'''

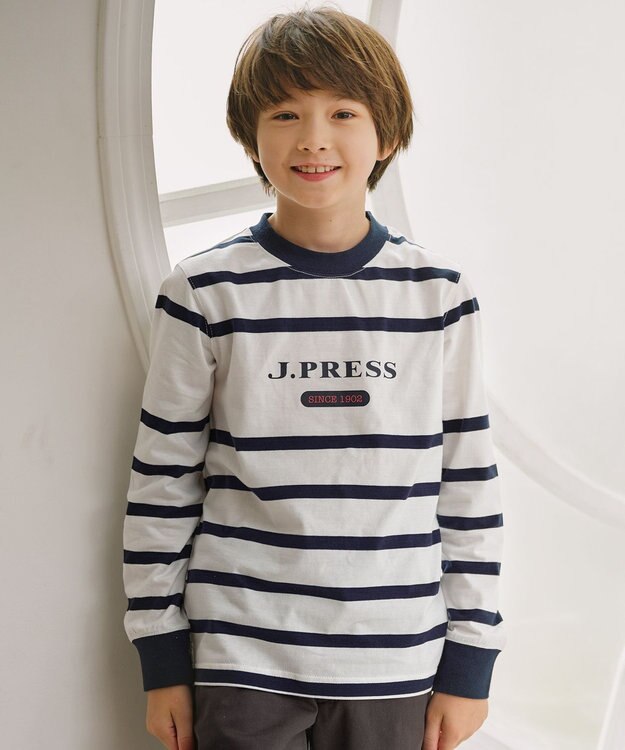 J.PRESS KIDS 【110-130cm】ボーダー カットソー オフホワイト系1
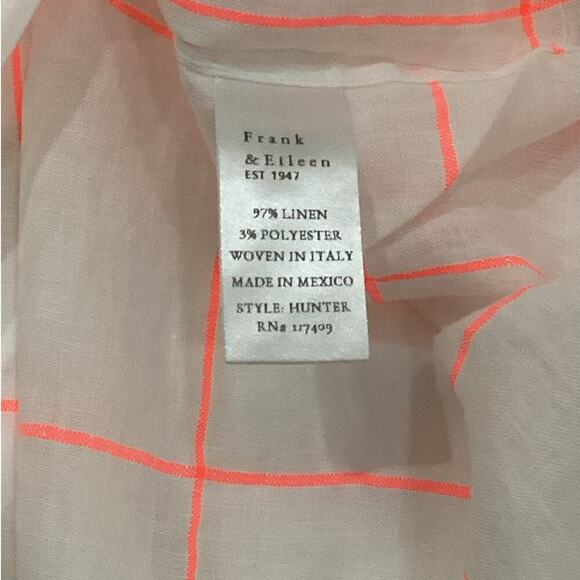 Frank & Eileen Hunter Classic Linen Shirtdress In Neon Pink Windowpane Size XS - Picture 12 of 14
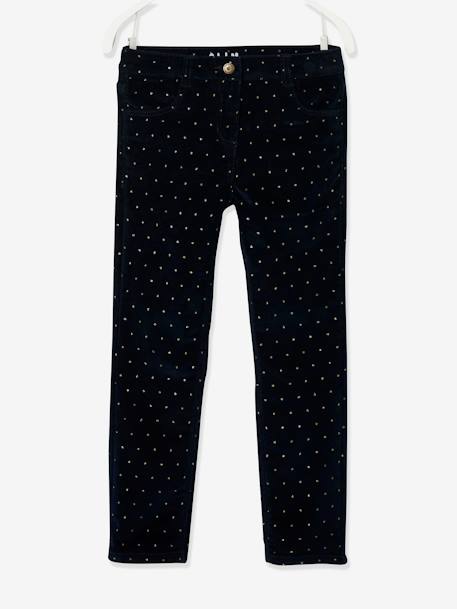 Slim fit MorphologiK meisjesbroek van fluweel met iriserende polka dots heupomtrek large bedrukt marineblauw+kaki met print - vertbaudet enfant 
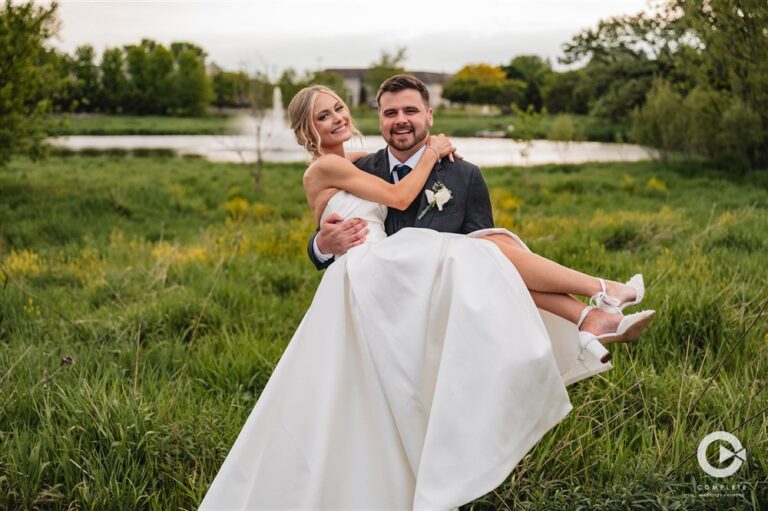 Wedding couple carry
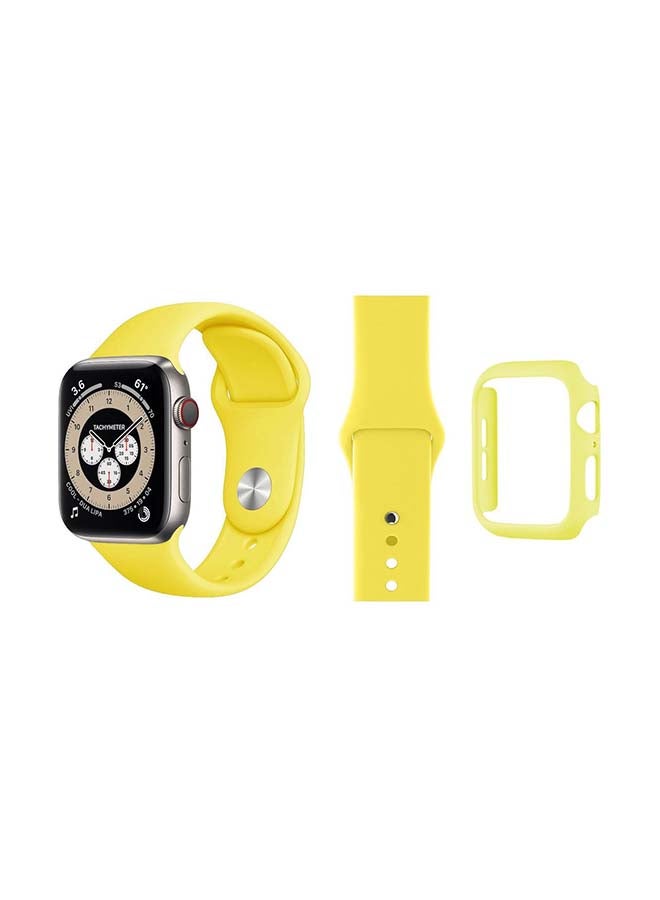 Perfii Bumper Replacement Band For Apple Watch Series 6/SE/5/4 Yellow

'''
'''

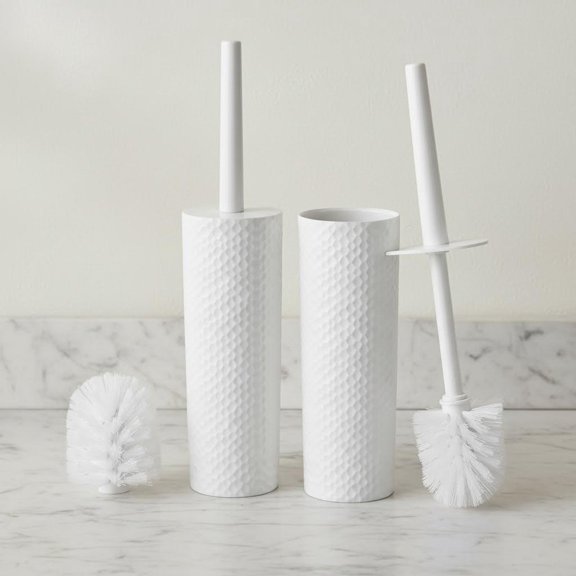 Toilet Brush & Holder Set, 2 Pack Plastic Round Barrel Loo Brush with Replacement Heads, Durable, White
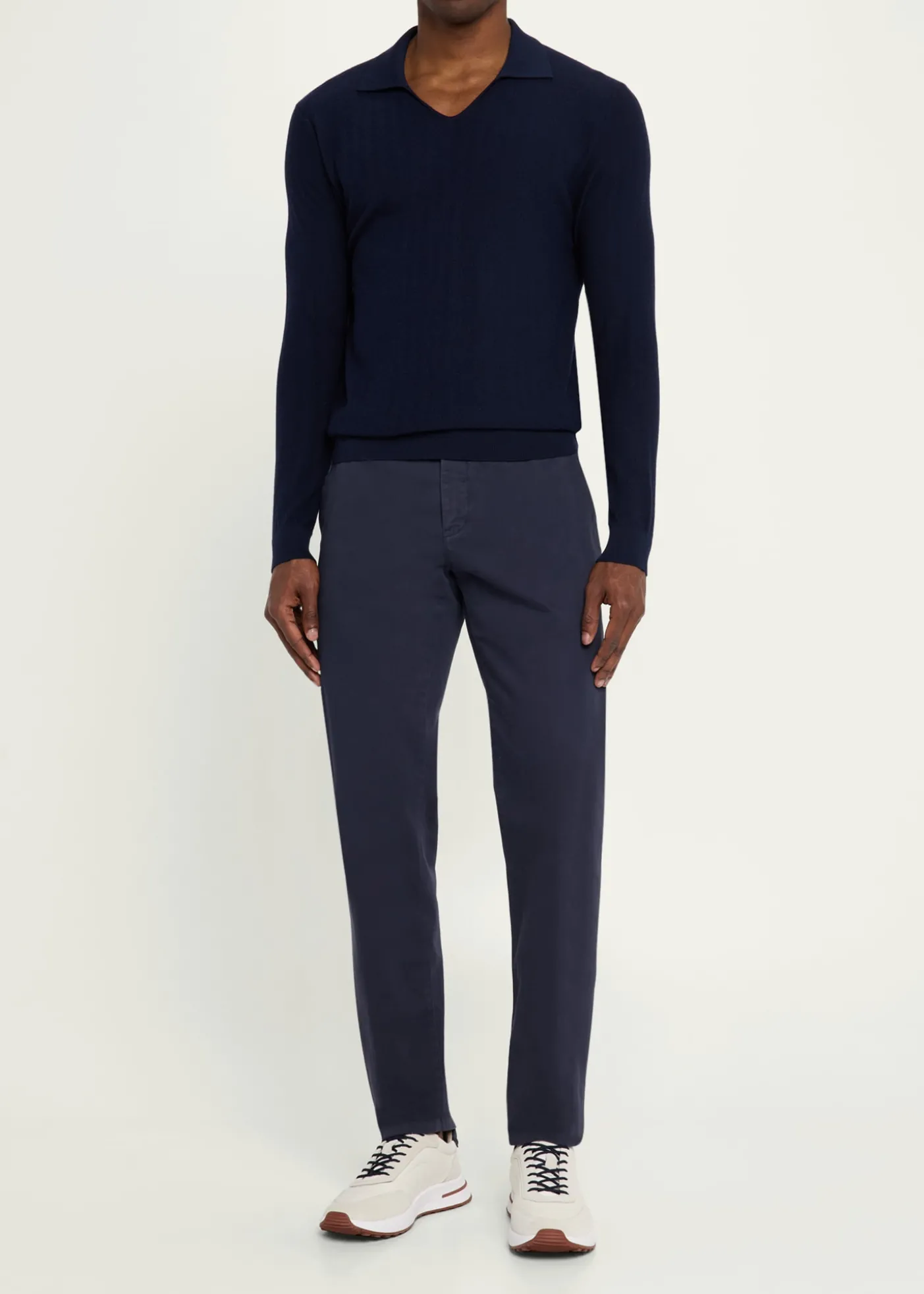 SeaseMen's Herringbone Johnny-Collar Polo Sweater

'''

Work request: Restate word for word the lines of the data above that begin at the line with "J.PRESS KIDS 【110-130cm】ボーダー カットソー オフホワイト系1" and end at the line with "Perfii Bumper Replacement", keeping both ends and dropping every picture.

Solution for this task:
 J.PRESS KIDS 【110-130cm】ボーダー カットソー オフホワイト系1
 Frank & Eileen Hunter Classic Linen Shirtdress In Neon Pink Windowpane Size XS - Picture 12 of 14
 Slim fit MorphologiK meisjesbroek van fluweel met iriserende polka dots heupomtrek large bedrukt marineblauw+kaki met print - vertbaudet enfant 
 Wedding couple carry
 Perfii Bumper Replacement Band For Apple Watch Series 6/SE/5/4 Yellow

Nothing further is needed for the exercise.